Anderson signed a two-year pact with the Patriots last week.

Philadelphia Eagles v Denver Broncos Photo by Michael Owens/Getty Images

The New England Patriots have invested in their offensive tackle group this free agency. Not only did they place the original third-round tender on restricted free agent Yodny Cajuste, they also signed a pair of players from the open market: Calvin Anderson and Riley Reiff.

Reiff’s contract very much makes him a lock to be on the team in 2023, and possibly even start. As for Anderson, he is in a similar position after signing a two-year, $7 million contract to return to the team that gave him his NFL start back in 2019.

A look at how the pact is structured shows that Anderson should be expected to be on the Patriots’ roster this season.

Calvin Anderson: Contract details

Base salary: $1.08 million (fully guaranteed)
Signing bonus proration: $845,000
Roster bonus: $680,000
Workout bonus: $200,000
Salary cap hit: $2.685 million

Base salary: $2.3 million (incl. $1.23 million guaranteed)
Signing bonus proration: $845,000
Roster bonus: $850,000
Workout bonus: $200,000
Salary cap hit: $4.195 million

Split between his salary and signing bonus, the Patriots gave Anderson $4 million in guarantees: all of his 2023 salary plus more than half of his 2024 salary are guaranteed, as is the entirety of his $1.69 million signing bonus. As a consequence, releasing him this season makes little fiscal sense.

If, for example, New England would decide to part ways with him during roster cutdowns, the club would take on a $3.155 million dead money charge and as a result actually lose $470,000 in cap space.
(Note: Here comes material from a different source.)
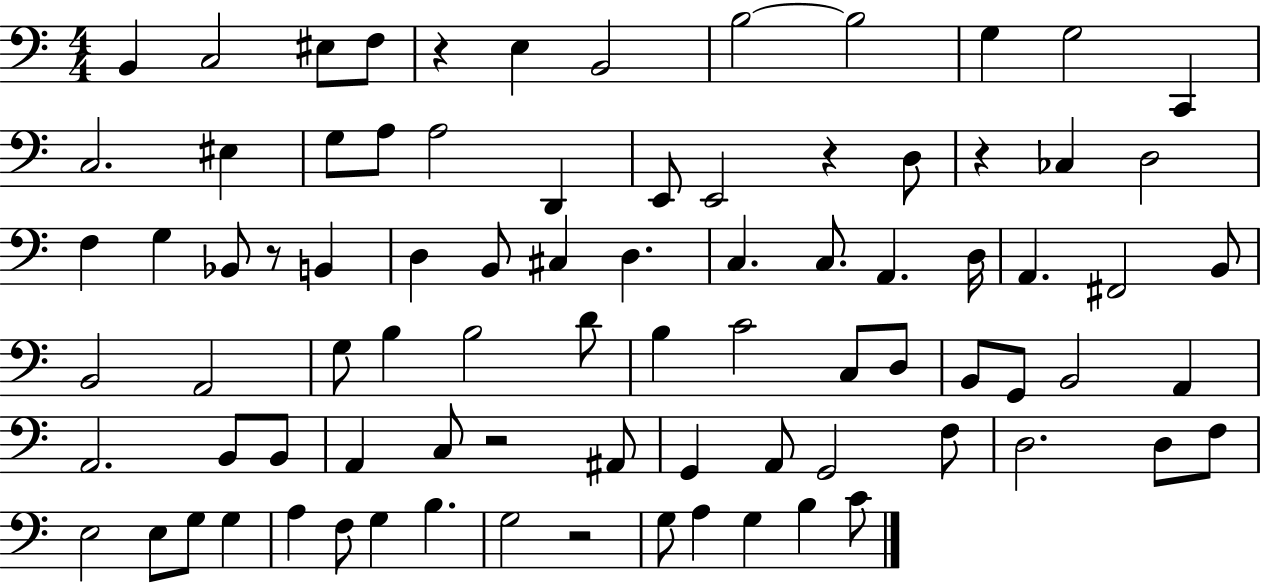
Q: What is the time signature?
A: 4/4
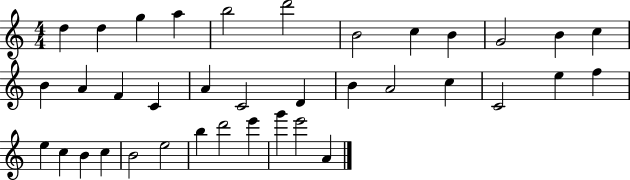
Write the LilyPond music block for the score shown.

Stranger things have happened, of course, but the Patriots seem committed to Anderson as a member of their offensive tackle group in 2023.

As for 2024, the still relatively sizable guarantees ($2.075 million) also give him a good shot at making the team — as does the fact that he is one of only three offensive tackles actually signed for that season. However, the other two (Conor McDermott, Andrew Stueber) are relatively easy to release should the team choose so.

What all of this shows is that the Patriots apparently think highly of Anderson, not just as a stop-gap solution at the position but a potential No. 3 with starter-level upside. He is, at least, being paid as such.